**What you need to do:**
Leaving out every image, restate all the records word for word.

**The records:**
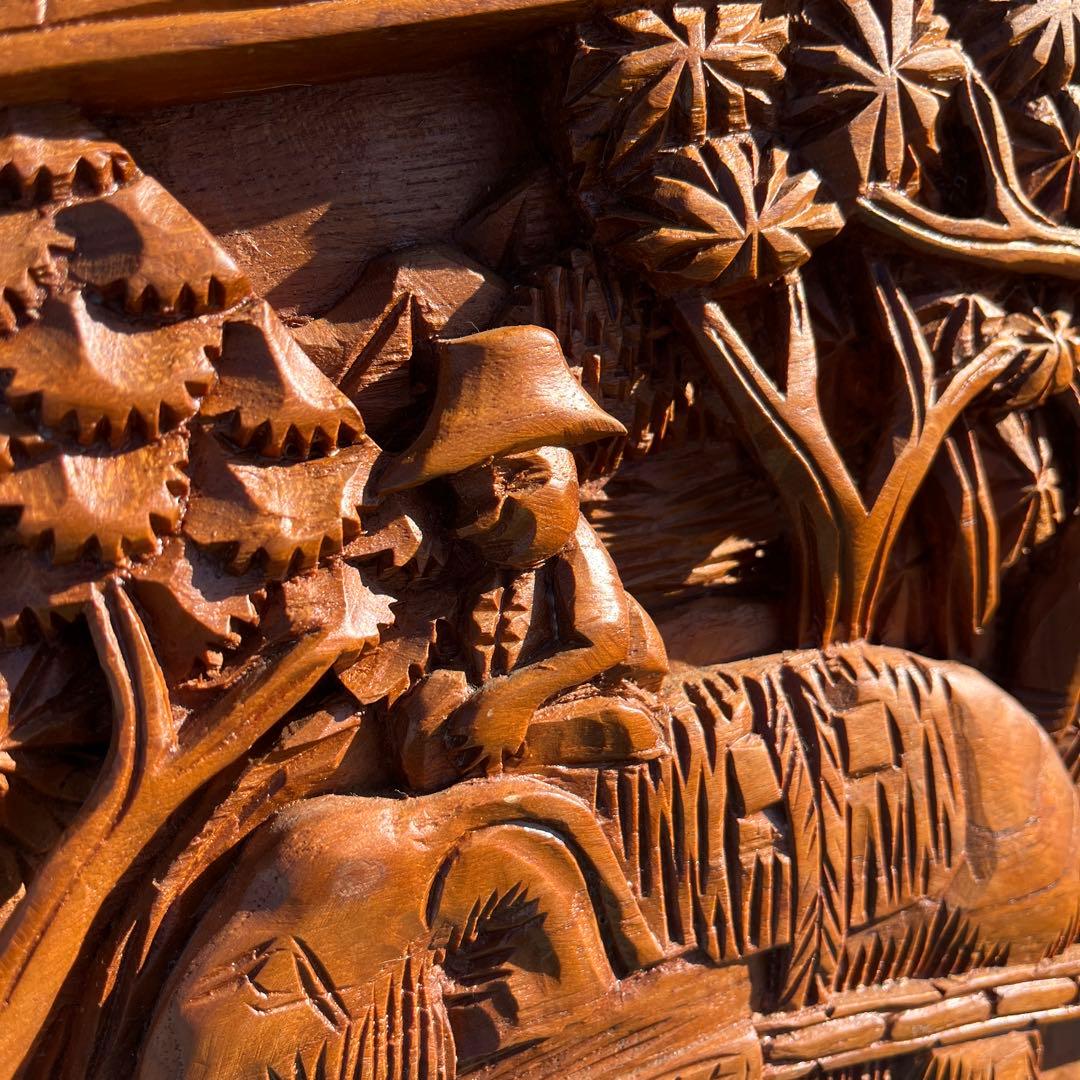 タイ製 手彫り 象 壁掛け木彫アート アジアン 彫刻 雑貨 ヴィンテージ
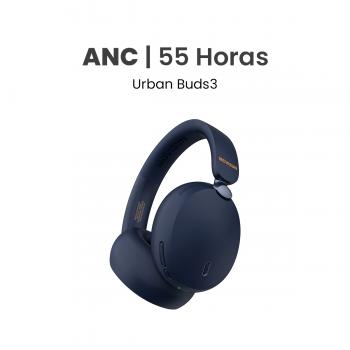 MOVISUN Urban Buds3 Azul – Audífonos Ergonómicos con ANC, Batería 55h, Modo Juego, Ecualizador BASS, Plegables, Micrófono, Bluetooth 5.4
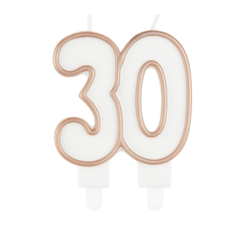 ŚWIECZKA URODZINOWA BIAŁA CYFRA 30 ZŁOTA OBDWÓDKA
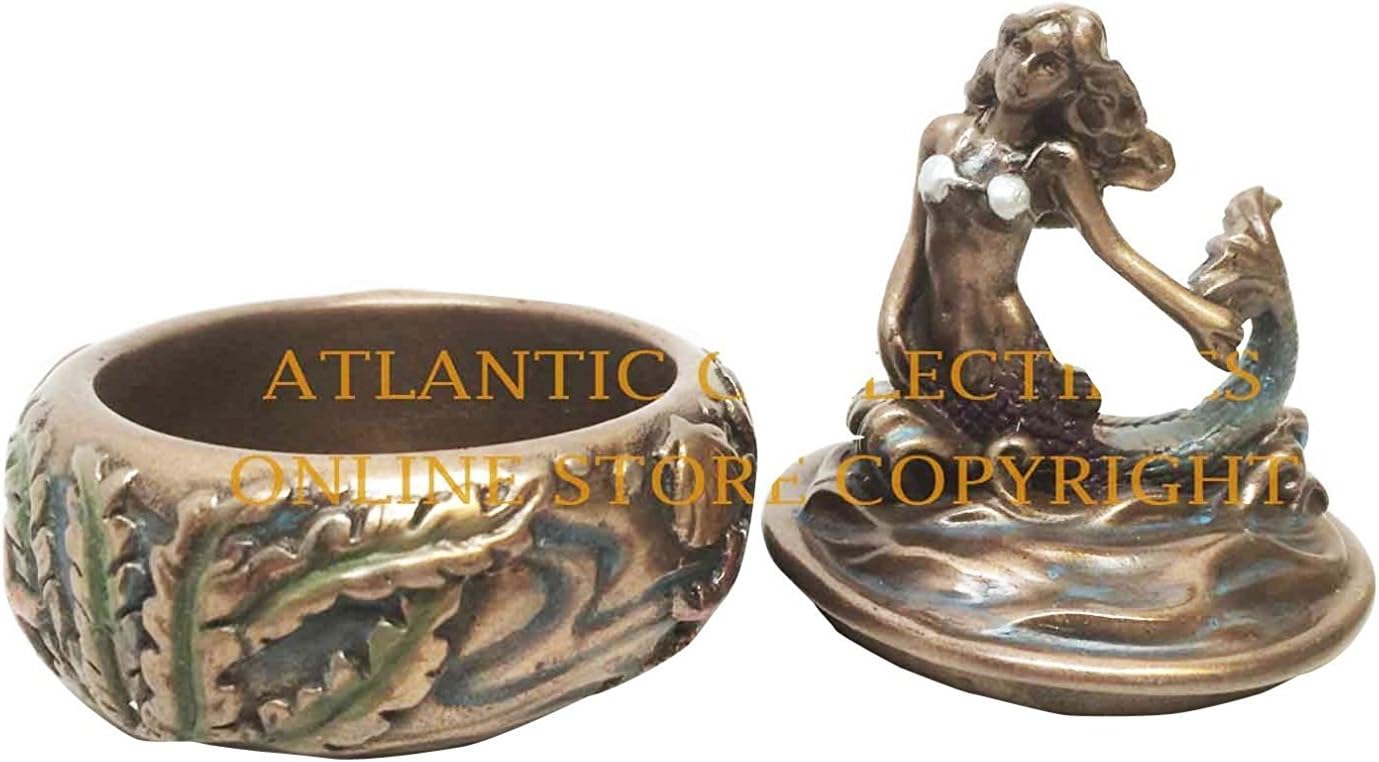 Decorative Mythical Maiden Mermaid Diana Rising Above Sea Collectible Jewelry Trinket Box Figurine for Desktop Decor Birthday Gift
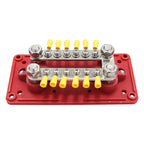 1 Pair 150A 12-48V RV Yacht Modified Double Row 12-way M6 Terminal Busbar with 24pcs Terminals, CP-3160
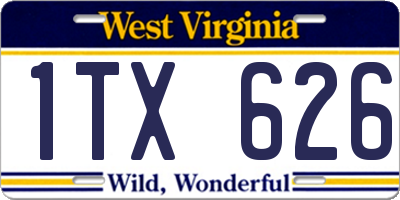 WV license plate 1TX626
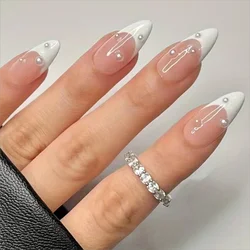 Girls Women 24Pcs/Set Middle Size Water Droplet Shaped French white edged pearl decorative Full Coverage Fake Nails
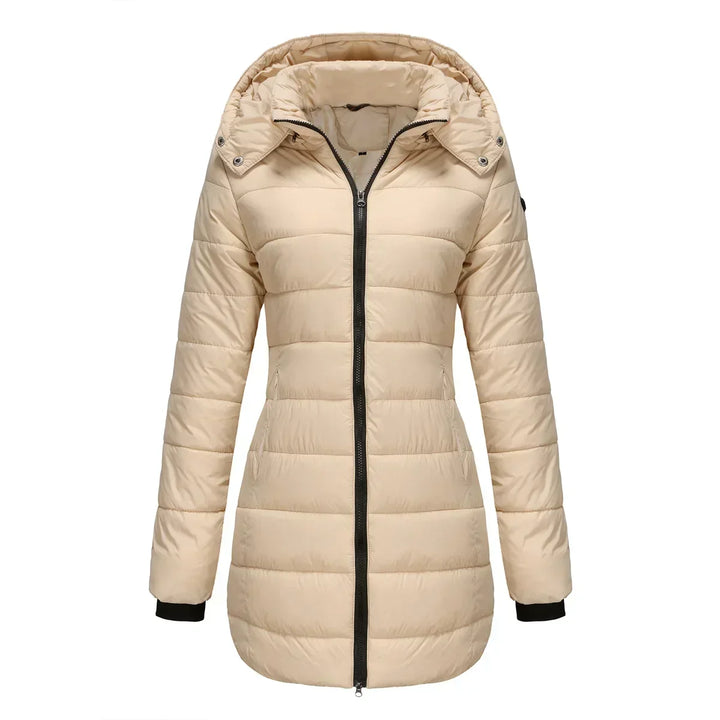 Ginevra | Winterjas voor dames met afneembare gewatteerde capuchon-Zomer Jassen-Calora-Abrikoos-S-Calora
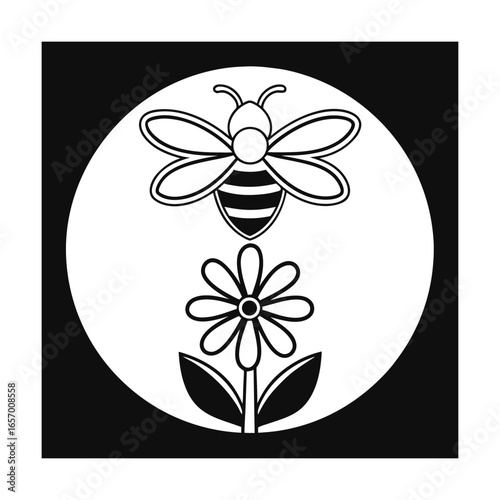 A bee hovering over a flower insect nature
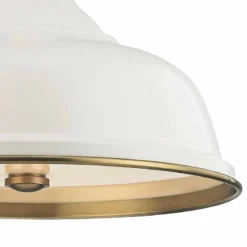 Painted No.1 18"W Aged Brass Pendant With Off-White Shade -Outlet The Radiantix Store painted no 1 18 inchw aged brass pendant with off white shade 65e03views1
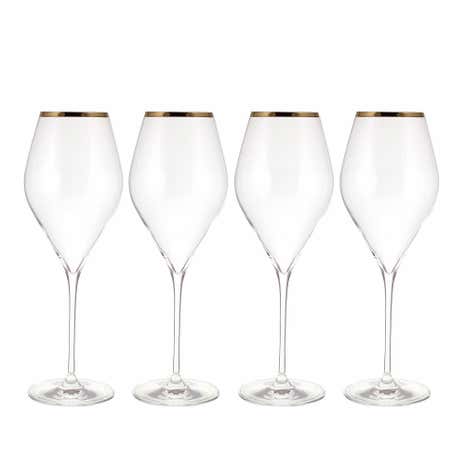 Gold Pack of 4 White Wine Glasses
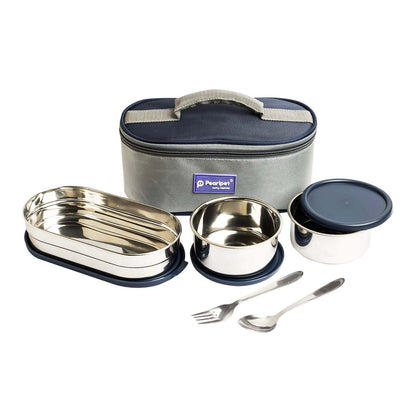 Pearlpet Executive Steel Lunch Box Set |2×300ml and 1×450ml |Leak-Proof Office Tiffin with Bag |Stylish & Travel-Friendly
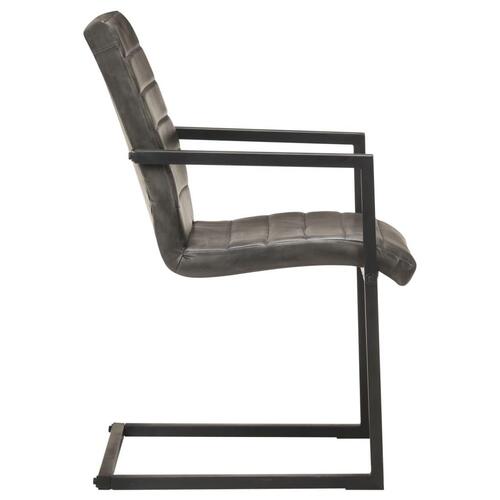 Spisebordsstole 6 stk. med cantilever-design ægte læder grå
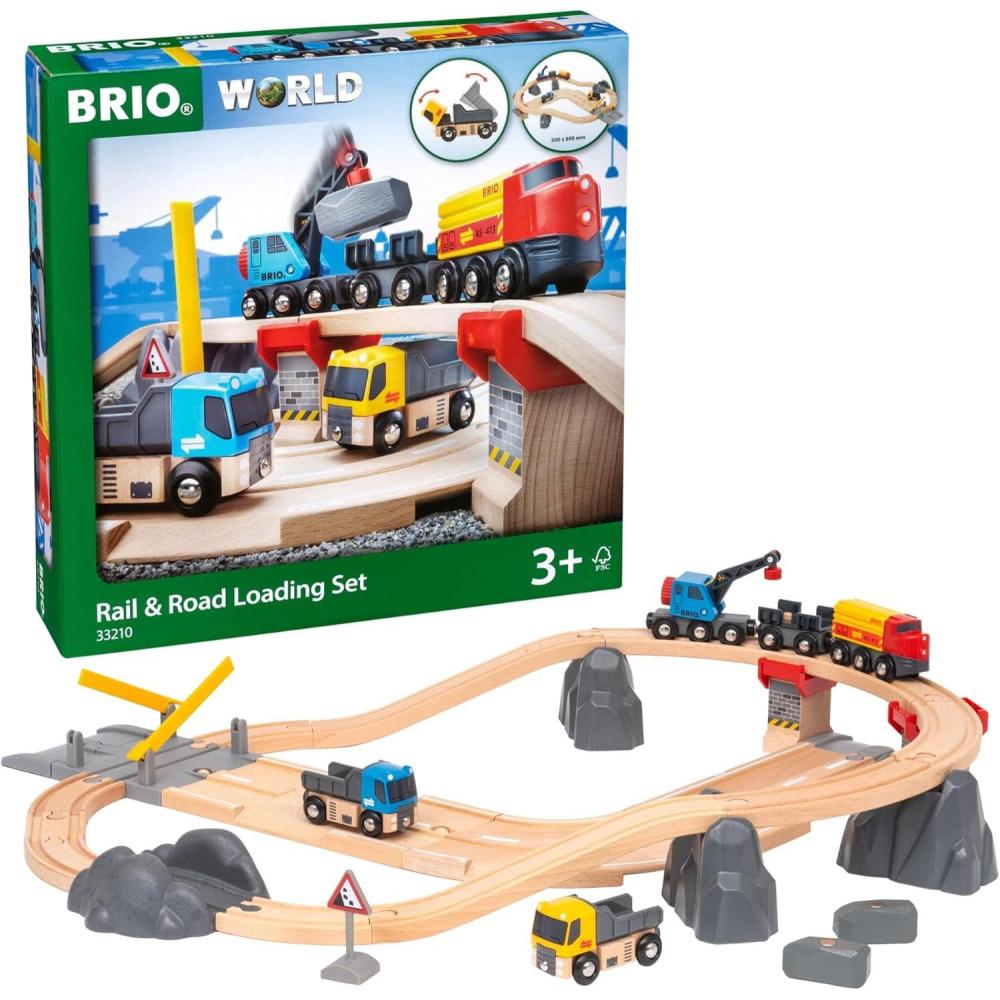 imageBRIO World Rail amp Road Loading Set 32Piece FSCCertified Wood Train Set amp Accessories Special Crane Car Flatbed Tracks amp More Works with All Wooden Railway Sets Fun Play for Ages 3Set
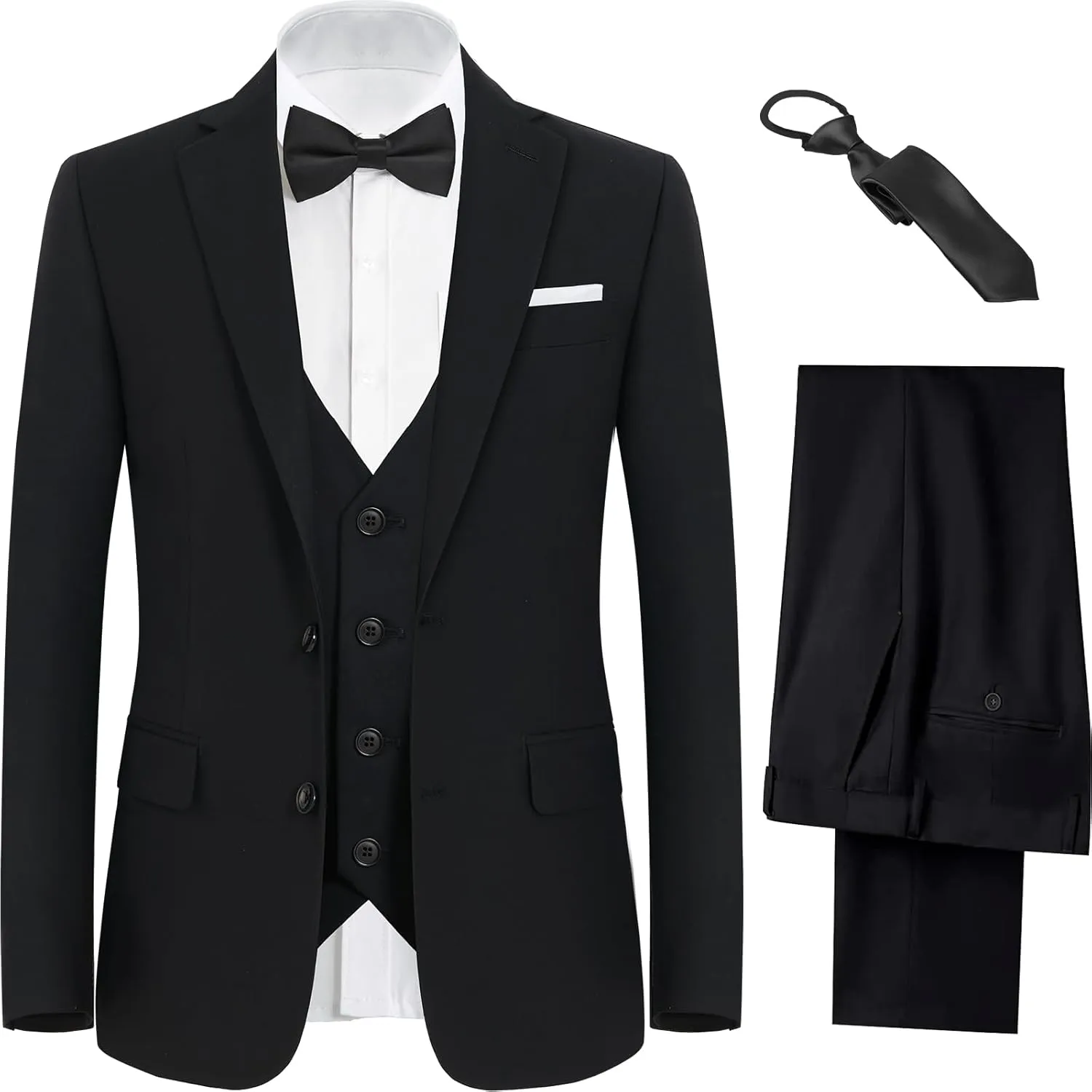 Boys Suit Teenager Suits Set for Boys, Kids Slim Fit Formal Wear Tuxedo, Ring Bearer Outfit for Wedding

**Answer box:**
 タイ製 手彫り 象 壁掛け木彫アート アジアン 彫刻 雑貨 ヴィンテージ
 MOVISUN Urban Buds3 Azul – Audífonos Ergonómicos con ANC, Batería 55h, Modo Juego, Ecualizador BASS, Plegables, Micrófono, Bluetooth 5.4
 ŚWIECZKA URODZINOWA BIAŁA CYFRA 30 ZŁOTA OBDWÓDKA
 Decorative Mythical Maiden Mermaid Diana Rising Above Sea Collectible Jewelry Trinket Box Figurine for Desktop Decor Birthday Gift
 1 Pair 150A 12-48V RV Yacht Modified Double Row 12-way M6 Terminal Busbar with 24pcs Terminals, CP-3160
 WV license plate 1TX626
 Girls Women 24Pcs/Set Middle Size Water Droplet Shaped French white edged pearl decorative Full Coverage Fake Nails
 Ginevra | Winterjas voor dames met afneembare gewatteerde capuchon-Zomer Jassen-Calora-Abrikoos-S-Calora
 A bee hovering over a flower insect nature
 Painted No.1 18"W Aged Brass Pendant With Off-White Shade -Outlet The Radiantix Store painted no 1 18 inchw aged brass pendant with off white shade 65e03views1
 Gold Pack of 4 White Wine Glasses
 Pearlpet Executive Steel Lunch Box Set |2×300ml and 1×450ml |Leak-Proof Office Tiffin with Bag |Stylish & Travel-Friendly
 Spisebordsstole 6 stk. med cantilever-design ægte læder grå
 imageBRIO World Rail amp Road Loading Set 32Piece FSCCertified Wood Train Set amp Accessories Special Crane Car Flatbed Tracks amp More Works with All Wooden Railway Sets Fun Play for Ages 3Set
 Boys Suit Teenager Suits Set for Boys, Kids Slim Fit Formal Wear Tuxedo, Ring Bearer Outfit for Wedding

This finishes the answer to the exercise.